Late night: a body is found on a bridge. The victim has been murdered, it seems. The bridge is part of an international highway and links two countries, and the body has been placed at the centre of the bridge, straddling the border … but wait! As the victim is being removed the body turns out to be not one, but two halves of two victims! The hunt for the killer is on and the chasing pack is led by a detective from each country, one male, one female, an odd couple with contrasting work ethics and outlooks on life, the Mulder and Scully of crime-fighting combos.

Oh, hang on … where have we heard all this before? We’ve heard it in Sweden-Denmark; the United States-Mexico; Austria-Germany; Estonia-Russia; and Britain-France, where it cunningly became The Tunnel. “It” is now the bilingual Singaporean-Malaysian version of The Bridge, well into its 10-episode run on HBO and Now TV (channel 115), with instalments released at 10pm on Mondays and Tuesdays.
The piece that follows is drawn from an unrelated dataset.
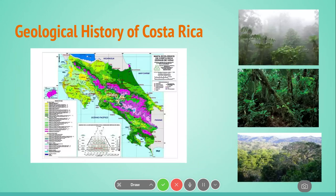Costa Rica is incredibly diverse both in ecosystems and in species. If you look at the image on your left, all the different colors represent different ecosystems found within Costa Rica. The images on the right show three to four different types of forests that are all very abundant in Costa Rica: the top one is a tropical cloud forest, the middle one is a tropical rainforest, and the bottom one is a tropical dry forest.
Grisse: a ‘nasi goreng western’ with Tarantino-like style and violence

Bront Palarae represents Malaysia as semi-slob Detective Megat Jamil, who succeeds in endlessly annoying Singapore’s by-the-book Detective Serena Teo, uptight, work obsessed and played by Rebecca Lim. The predictable repulsion is instant – but the anticipated personal chemistry and sexual tension that are de rigueur in such partnerships couldn’t power a Christmas party popper. Perhaps they bloom in future episodes.

The financial reasons for making a cover version of a big hit may be obvious, but their artistic equivalents are harder to identify. In a time of more or less instant access to shows from around the globe, and when viewers have seen it all before – literally in this case – the aim must be to improve on previous iterations of a show. This might prove beyond the Tuas Bridge.

It’s not just that Palarae and Lim ignite on screen like a damp dishcloth, but the storylines of murder, people smuggling, dodgy land deals, money laundering, lazy journalism and everyday social iniquities are met with amateur dramatics-standard acting.

Made in conjunction with fellow video-on-demand company Viu – which cheekily bills The Bridge a “Viu original series” – this version is also missing the louring Scandinavian gloom that was so integral to the genuine original. Maybe it’s a weather thing.

And perhaps, by episode 10, there will be confirmation of earlier suspicions: that this joint venture is a bridge too far for this endless franchise.

1983 is the Netflix alt-history series you didn’t know you needed

If louring is your bag, then head over to Netflix for the eight-part first series of crime thriller 1983, set in an Orwellian Poland where it always seems to be night, or at least dark.

An alternative history of one of the most unfortunate of countries – annexed, dissected, invaded, repressed – the show stars Robert Wieckiewicz and Maciej Musial as discredited police investigator Anatol Janów and crusading law student Kajetan Skowron, respectively, in another unlikely double act. The pair discover, in 2003, a conspiracy that has kept Poland under the heel of the savage state police for 20 years, since a terrorist bombing campaign tore through its biggest cities. Now, the bad old powers that be are naturally happy to pull all sorts of violent tricks to keep the truth behind the attacks hidden.

Tossing her hat into this happy ring is the indomitable Ofelia (Michalina Olszanska), leader of a revolutionary army ready to fight for the principle of people power. Blood, torture and death are never far from proceedings, which can make for grim viewing, but unpredictability in the plot is a welcome constant.

Available now in its entirety, the first run for 1983 is disturbing, shadowy – and highly polished.